So what takes 3 hours and nothing happens? No I am not talking about the Sotomayor hearing, I am talking the home run derby. What a crock of shit this event has become. Three big name players hitting batting practice. I give alot of credit to Pujols, Fielder and Ryan Howard for at least lending their name to this monstrosity formally known as the Home Run Derby. Let me run down the contestants. For The NL: Albert “the most friendly big guy in baseball” Pujols, Prince ” the 270 lbs vegetarian” Fielder, Ryan “don’t forget about me” Howard, and Adrian Gonzalez. (I have nothing witty for him because I had no idea who the fuck he was) And for the AL: Nelson “instead of watching this, I should have went out for a” Cruz, Joe “the catching Twinkie” Mauer, Carlos “my eyes are in” Pena, and Brandon “watching this makes me” Inge. Where was Josh Hamilton, A Rod, and Jason Bay? At this moment I am thinking the AL IS FUCKED! And DING DING, I win a new car for that thought.
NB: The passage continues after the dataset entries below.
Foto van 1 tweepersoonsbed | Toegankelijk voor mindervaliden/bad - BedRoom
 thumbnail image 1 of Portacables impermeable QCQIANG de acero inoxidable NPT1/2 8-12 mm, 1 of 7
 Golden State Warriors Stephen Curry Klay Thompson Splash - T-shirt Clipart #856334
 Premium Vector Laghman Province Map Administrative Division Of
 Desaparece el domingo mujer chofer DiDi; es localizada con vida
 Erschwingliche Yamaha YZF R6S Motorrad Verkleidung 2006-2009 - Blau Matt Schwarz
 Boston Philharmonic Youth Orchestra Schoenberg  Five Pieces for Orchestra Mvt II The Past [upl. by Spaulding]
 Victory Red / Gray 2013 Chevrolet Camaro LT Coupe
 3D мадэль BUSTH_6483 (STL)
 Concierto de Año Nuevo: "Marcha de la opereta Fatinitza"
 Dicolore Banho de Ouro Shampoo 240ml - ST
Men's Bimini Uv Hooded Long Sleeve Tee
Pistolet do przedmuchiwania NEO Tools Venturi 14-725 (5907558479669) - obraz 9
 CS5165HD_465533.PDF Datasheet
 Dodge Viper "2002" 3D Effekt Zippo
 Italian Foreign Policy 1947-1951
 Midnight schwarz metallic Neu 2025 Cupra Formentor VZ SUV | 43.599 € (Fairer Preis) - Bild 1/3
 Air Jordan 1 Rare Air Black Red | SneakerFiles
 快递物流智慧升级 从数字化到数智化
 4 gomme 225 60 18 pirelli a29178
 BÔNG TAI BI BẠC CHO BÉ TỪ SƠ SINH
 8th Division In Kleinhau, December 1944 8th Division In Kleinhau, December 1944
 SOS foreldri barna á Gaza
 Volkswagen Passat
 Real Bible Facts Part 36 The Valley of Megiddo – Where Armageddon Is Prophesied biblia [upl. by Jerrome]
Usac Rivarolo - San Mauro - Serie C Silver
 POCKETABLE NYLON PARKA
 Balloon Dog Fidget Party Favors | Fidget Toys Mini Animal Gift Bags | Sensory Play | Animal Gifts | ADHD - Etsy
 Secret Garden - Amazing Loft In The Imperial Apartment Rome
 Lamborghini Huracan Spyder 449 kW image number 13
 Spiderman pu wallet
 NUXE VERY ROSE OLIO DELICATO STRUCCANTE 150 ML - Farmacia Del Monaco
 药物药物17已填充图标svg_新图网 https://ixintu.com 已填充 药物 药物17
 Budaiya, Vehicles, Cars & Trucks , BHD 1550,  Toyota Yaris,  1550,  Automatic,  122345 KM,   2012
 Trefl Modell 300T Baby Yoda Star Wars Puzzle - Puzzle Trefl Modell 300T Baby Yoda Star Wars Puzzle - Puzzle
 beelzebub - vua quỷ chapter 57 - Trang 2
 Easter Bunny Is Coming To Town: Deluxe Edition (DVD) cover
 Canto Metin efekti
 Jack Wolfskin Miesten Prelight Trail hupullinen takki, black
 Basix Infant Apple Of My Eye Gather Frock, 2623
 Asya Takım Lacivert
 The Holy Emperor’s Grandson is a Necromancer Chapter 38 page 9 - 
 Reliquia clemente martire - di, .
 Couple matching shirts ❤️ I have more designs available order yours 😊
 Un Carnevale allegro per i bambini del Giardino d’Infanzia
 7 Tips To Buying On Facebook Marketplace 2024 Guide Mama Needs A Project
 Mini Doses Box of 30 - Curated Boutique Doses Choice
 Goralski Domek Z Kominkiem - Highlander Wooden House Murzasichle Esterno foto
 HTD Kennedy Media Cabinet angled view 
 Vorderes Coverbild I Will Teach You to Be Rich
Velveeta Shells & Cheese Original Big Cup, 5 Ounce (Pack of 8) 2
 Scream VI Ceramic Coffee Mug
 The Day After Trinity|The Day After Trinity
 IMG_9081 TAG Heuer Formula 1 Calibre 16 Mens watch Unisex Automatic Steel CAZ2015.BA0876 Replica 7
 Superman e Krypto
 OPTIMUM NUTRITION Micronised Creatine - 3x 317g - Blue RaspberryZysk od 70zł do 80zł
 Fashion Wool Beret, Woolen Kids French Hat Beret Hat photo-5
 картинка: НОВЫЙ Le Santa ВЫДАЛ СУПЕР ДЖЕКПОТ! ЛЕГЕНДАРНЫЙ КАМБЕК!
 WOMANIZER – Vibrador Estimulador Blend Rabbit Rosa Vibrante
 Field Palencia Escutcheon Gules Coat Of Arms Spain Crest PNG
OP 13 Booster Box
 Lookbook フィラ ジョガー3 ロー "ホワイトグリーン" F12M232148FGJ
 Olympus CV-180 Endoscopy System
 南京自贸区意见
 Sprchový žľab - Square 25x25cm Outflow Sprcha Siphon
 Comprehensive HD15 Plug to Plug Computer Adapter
Here are the Derby rules. Each hitter gets 10 outs. If they hit the ball and it isn’t a home run, it’s an out. On the 9th out they get the egg laid by the golden goose from Willy Wonka thrown at them. If they hit it over, State Farm would donate money to a good charity. If hitters tie then they go to a 5 pitch Home Run Off. Sounds a little convoluted for just 8 guys hitting a white ball over the fence.
They each hit in the first round. The first thing running through my head was, who cares about the size of these guys balls? Give them some steroids stat. Brandon Inge did not hit a fucking home run. Whose cock did he suck to get in this derby? My guess, Chris Berman. Think about it, Berman the whole time screamin Whoop! Then right before the shot he yells BACK BACK BACK BACK Gone!!!!!!!!! Nelly in the celebrity softball game had one more home run than Inge. Let me repeat. NELLY THE RAPPER!!!!! Needless to say the fat vegitarian won. Leading me to beileve if I eat more vegetables I will look like Fat Bastard in The Austin Powers movies.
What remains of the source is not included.